I'm Valerie Sanderson and in the early hours of Wednesday the 23rd of April,
these are our main stories.
The International Monetary Fund downgrades global economic growth forecasts and warns that the risk of a recession in the US has significantly increased.
In Kashmir, more than 20 people have been killed after gunmen opened fire on tourists.
Also in this podcast, how the next Pope is chosen.
And the priest from the only Catholic church in the Gaza Strip remembers the late Pope Francis.
The Pope called for more than one year and a half every day with a small message or sometimes under the bombing to give a hope.
We start with the forecast from the International Monetary Fund, the World Economic Outlook.
The IMF has downgraded its forecast for global growth,
predicting that Donald Trump's tariffs and the uncertainty they've caused will lead to a significant slowdown.
The IMF said growth in the U.S., the world's biggest economy,
could be almost a full percentage point lower this year than previously predicted.

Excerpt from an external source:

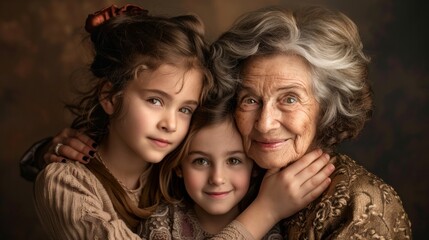 Fototapeta premium mother, daughter and grandmother, three generations generative ai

Pierre-Olivier Gruncha, the IMF's chief economist, said the U.S. could be the hardest hit.
For the United States,
the tariffs represent a supply shock that reduces productivity and output permanently and increases price pressures temporarily.
This adds to an already weakening outlook and leads us to revise growth down by 0.9 percentage point to 1.8 percent,
with a 0.4 percentage point downgrade from the tariffs only, while inflation is revised upwards.
He said the prospect of the U.S. economy going into recession has significantly increased.
We were seeing already consumption numbers coming down.